What a little ripper :bow: :bow:

Loved the sleight of hand with the coin. :bow:

Gotta be worth more than that. :

Another Bob's two bobs worth.


----------



## 90LX_Notch (Mar 27, 2009)

I don't know Bob. Maybe 2 cents?


----------



## gbritnell (Mar 27, 2009)

That's a great build Bob but most milling machines won't help you out much except for positioning. By that I mean most milling machines don't have the rpm to do tiny holes, that's not saying that you can't drill small holes at a slower speed, I do it all the time. For small holes like steam ports you need something that will spin at least 3000 rpm. I made an attachment that clamps to the spindle of my milling machine that holds my Dremel grinder so that I can do the ultra small holes.
gbritnell


----------



## Macca (Mar 27, 2009)

Fantastic!
I've been meaning to get my full size version of Tiny finished. This might be just the kick in the pants that I needed.
Well done for completing such a small build, any chance of seeing some of the fixtures you used?


----------



## 90LX_Notch (Mar 27, 2009)

gbritnell- That's good advice. I did the real small holes at 4250 and 6500 rpm. To line up on my prick marks I had to keep moving the vice by striking it with a chunk of brass. It takes forever to get everything lined up to where there isn't any deflection on tiny bits.

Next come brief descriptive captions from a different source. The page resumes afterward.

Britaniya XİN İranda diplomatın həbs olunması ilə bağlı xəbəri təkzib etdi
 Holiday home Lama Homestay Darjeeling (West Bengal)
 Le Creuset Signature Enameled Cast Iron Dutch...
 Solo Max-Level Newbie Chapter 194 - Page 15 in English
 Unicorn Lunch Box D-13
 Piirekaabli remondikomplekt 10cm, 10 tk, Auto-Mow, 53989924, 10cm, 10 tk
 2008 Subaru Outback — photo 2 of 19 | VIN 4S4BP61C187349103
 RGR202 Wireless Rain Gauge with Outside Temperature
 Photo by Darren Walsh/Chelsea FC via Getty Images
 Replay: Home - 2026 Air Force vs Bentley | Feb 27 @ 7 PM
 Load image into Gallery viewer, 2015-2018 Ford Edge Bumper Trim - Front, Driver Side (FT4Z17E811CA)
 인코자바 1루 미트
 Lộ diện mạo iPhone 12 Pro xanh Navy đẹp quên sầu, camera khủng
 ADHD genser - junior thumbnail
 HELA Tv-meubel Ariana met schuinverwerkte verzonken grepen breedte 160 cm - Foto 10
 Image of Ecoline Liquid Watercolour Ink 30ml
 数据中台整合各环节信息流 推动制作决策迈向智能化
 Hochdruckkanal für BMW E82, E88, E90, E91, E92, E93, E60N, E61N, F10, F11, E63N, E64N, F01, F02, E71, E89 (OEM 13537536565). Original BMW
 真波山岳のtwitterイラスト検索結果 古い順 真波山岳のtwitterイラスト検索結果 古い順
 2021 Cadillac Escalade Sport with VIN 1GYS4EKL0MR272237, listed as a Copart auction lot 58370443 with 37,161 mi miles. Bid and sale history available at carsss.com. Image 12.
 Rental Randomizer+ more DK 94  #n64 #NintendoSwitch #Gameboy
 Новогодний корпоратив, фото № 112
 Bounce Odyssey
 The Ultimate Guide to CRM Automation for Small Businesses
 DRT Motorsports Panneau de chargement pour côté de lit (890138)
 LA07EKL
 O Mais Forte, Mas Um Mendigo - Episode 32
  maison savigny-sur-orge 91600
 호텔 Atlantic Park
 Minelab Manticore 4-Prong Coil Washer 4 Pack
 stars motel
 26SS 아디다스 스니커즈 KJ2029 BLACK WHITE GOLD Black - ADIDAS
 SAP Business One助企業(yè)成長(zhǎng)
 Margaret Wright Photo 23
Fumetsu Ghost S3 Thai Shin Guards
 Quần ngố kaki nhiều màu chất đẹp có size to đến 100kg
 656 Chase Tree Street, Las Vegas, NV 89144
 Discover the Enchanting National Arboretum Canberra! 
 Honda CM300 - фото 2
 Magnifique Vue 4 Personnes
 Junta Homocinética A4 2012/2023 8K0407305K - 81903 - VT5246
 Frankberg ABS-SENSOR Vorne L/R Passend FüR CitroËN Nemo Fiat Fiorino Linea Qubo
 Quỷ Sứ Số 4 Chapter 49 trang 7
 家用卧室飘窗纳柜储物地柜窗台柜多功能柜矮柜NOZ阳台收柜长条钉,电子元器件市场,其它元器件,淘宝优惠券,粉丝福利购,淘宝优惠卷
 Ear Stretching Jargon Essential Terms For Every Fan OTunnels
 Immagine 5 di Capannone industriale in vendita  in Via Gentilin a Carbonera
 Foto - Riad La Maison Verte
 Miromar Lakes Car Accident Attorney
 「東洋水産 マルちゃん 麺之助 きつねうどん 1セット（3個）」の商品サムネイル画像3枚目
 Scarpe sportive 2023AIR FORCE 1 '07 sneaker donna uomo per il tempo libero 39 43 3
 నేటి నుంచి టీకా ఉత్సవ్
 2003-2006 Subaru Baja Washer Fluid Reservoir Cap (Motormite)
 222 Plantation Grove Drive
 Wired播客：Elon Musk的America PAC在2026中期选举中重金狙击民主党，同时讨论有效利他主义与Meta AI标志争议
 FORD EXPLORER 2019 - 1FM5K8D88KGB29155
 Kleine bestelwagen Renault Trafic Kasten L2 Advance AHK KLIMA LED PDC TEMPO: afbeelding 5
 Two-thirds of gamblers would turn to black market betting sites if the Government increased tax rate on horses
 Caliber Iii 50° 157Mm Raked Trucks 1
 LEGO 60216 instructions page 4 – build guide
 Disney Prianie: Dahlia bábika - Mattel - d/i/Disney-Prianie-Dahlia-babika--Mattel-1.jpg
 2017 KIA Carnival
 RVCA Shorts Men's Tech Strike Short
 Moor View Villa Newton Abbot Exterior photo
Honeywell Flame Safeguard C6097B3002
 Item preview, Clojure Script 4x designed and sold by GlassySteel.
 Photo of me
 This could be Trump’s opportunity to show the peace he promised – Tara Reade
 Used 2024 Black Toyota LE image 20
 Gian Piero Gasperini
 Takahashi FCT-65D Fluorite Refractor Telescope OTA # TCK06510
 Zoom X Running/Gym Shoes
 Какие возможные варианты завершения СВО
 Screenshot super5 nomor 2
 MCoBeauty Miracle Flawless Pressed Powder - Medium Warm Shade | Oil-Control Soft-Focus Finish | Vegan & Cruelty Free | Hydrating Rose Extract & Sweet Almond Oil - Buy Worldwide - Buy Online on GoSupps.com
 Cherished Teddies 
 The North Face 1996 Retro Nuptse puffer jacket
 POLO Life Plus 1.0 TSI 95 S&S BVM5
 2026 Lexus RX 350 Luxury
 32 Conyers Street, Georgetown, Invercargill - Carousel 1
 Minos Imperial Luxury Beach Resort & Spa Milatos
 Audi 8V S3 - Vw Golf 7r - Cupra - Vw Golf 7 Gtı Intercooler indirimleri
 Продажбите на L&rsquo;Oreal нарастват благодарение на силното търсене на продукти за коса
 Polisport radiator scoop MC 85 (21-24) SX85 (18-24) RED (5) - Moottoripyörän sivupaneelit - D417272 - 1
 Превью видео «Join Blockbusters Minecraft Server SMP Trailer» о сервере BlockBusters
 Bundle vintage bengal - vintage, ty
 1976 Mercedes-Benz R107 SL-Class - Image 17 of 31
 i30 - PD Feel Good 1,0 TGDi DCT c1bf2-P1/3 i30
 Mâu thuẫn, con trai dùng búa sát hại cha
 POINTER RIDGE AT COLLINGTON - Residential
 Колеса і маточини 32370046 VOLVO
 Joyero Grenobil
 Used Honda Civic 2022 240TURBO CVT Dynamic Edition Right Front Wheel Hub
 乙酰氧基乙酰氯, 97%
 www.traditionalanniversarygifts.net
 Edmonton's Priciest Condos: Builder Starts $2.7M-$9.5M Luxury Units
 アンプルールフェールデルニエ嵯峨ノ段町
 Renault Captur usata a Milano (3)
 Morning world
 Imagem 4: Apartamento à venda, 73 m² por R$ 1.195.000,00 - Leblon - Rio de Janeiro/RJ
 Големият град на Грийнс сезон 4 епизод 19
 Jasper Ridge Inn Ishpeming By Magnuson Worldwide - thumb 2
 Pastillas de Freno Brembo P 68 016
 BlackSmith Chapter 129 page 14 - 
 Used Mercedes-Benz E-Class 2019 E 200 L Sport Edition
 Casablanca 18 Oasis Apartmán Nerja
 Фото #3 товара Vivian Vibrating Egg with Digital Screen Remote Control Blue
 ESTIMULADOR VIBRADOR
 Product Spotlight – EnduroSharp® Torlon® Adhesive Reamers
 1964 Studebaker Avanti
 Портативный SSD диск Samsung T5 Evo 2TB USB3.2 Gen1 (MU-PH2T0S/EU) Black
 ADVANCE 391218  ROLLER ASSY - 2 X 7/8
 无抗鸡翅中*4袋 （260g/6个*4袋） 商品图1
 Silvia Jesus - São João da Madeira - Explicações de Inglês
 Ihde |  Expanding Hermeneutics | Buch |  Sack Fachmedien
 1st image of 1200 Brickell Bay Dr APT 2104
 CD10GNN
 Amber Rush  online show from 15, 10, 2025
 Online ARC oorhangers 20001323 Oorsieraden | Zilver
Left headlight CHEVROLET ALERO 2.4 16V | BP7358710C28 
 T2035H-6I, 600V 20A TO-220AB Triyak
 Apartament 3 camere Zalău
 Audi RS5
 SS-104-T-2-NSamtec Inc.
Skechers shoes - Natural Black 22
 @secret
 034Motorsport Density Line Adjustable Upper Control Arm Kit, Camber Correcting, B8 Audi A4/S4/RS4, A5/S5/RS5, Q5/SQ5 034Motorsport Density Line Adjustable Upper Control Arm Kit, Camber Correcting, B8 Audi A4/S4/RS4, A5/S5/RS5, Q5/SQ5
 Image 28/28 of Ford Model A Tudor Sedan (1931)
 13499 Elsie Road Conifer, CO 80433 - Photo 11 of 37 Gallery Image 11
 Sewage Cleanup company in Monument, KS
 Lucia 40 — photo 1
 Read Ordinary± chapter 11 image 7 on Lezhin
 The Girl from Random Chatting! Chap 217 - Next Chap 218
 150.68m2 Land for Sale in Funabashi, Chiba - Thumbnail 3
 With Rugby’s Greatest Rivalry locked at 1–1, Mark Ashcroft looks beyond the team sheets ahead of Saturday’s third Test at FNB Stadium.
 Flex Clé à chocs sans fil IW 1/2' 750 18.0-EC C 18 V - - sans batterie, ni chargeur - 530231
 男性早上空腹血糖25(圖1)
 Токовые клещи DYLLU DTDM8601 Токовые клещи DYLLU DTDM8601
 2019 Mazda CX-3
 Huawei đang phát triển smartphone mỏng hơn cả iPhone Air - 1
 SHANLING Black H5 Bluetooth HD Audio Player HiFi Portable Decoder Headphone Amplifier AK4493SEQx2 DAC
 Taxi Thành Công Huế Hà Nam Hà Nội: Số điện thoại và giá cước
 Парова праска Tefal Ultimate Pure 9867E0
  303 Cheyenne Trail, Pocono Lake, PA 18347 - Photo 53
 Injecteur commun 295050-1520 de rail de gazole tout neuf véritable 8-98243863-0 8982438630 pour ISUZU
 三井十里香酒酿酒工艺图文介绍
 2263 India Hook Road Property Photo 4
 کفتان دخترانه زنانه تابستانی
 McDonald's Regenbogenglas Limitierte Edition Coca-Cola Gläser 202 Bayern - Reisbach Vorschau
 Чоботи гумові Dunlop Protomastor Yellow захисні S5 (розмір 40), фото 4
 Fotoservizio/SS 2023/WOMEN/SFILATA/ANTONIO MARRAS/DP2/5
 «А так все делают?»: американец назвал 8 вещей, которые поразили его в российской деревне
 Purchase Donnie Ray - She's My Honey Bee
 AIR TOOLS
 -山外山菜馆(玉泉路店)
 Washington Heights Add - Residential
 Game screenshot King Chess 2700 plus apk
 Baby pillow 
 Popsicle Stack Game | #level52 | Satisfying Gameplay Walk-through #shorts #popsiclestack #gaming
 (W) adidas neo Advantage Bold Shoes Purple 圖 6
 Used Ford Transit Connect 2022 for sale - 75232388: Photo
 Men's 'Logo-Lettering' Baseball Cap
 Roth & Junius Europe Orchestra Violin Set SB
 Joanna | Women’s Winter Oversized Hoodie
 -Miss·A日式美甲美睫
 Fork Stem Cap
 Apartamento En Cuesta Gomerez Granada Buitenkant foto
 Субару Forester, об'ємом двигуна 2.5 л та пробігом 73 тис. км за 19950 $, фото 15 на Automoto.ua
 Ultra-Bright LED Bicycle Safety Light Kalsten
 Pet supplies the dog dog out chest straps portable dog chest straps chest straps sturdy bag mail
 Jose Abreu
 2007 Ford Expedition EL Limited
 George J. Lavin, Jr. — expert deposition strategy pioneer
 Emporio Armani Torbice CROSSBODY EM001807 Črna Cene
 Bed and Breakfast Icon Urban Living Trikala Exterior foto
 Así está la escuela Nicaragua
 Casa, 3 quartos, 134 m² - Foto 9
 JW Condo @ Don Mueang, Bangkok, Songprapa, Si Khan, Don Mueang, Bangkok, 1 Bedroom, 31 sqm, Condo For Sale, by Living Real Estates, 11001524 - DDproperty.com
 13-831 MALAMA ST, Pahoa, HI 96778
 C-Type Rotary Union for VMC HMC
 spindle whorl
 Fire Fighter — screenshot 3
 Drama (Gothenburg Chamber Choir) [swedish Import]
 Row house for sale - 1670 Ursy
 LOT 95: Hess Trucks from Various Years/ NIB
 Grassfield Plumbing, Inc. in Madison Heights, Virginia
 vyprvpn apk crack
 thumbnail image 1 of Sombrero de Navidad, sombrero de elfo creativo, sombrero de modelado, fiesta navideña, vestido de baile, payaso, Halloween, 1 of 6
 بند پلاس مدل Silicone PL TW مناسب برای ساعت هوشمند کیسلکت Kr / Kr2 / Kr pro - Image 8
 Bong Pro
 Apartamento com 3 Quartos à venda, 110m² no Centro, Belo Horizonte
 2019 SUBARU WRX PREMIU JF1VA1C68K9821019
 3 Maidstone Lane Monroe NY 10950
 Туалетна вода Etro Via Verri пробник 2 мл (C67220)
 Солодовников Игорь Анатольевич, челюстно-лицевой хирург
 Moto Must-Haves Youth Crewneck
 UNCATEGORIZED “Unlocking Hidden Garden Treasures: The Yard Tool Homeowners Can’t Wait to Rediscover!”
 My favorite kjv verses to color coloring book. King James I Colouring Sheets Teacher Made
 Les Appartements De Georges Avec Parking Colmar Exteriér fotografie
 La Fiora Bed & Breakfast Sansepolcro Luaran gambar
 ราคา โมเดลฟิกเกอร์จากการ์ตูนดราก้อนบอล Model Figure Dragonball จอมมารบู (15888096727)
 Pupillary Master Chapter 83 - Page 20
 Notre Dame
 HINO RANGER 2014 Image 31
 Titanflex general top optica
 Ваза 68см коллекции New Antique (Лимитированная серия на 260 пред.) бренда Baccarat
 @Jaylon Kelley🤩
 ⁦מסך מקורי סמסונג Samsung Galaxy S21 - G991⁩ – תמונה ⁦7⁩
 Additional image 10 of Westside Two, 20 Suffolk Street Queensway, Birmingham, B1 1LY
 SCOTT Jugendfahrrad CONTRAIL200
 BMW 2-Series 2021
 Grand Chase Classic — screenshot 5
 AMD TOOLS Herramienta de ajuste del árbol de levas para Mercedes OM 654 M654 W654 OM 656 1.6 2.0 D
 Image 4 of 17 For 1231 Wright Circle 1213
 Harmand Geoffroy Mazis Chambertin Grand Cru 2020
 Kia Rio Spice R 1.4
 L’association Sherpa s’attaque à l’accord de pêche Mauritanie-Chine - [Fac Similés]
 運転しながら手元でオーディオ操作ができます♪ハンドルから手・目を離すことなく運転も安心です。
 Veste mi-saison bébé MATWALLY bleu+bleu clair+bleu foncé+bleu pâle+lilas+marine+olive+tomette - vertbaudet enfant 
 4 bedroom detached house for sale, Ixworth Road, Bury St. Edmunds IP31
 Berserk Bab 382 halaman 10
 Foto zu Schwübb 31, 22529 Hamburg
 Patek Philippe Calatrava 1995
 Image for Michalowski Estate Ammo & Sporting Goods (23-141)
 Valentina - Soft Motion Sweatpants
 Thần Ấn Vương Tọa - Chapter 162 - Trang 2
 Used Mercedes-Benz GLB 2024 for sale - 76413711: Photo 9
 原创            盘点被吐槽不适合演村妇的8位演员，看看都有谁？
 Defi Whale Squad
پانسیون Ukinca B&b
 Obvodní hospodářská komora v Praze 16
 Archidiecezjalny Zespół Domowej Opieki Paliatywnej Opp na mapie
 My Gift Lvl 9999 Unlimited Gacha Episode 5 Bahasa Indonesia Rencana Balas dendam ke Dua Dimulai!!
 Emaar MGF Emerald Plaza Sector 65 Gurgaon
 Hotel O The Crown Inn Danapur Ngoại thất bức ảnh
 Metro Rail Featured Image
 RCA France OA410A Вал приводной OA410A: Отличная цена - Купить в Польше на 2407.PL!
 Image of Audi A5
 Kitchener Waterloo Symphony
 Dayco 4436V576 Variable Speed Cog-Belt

Macca- If I get a chance later I'll take some pictures. They are nothing fancy or elaborate; just some simple ideas I had to make holding the parts easier. That's why I posted the word fixture with quotes around it.


----------



## kvom (Mar 27, 2009)

That one is worth a karma point :bow:


----------



## rake60 (Mar 27, 2009)

Make that *TWO* Karma's!
My eyes could never work to that scale.
Great work! :bow:

Rick


----------



## 90LX_Notch (Mar 27, 2009)

Thank you gentlemen for the karma points. It really means something coming from the people on this board. I am adding a couple more pictures to the original post.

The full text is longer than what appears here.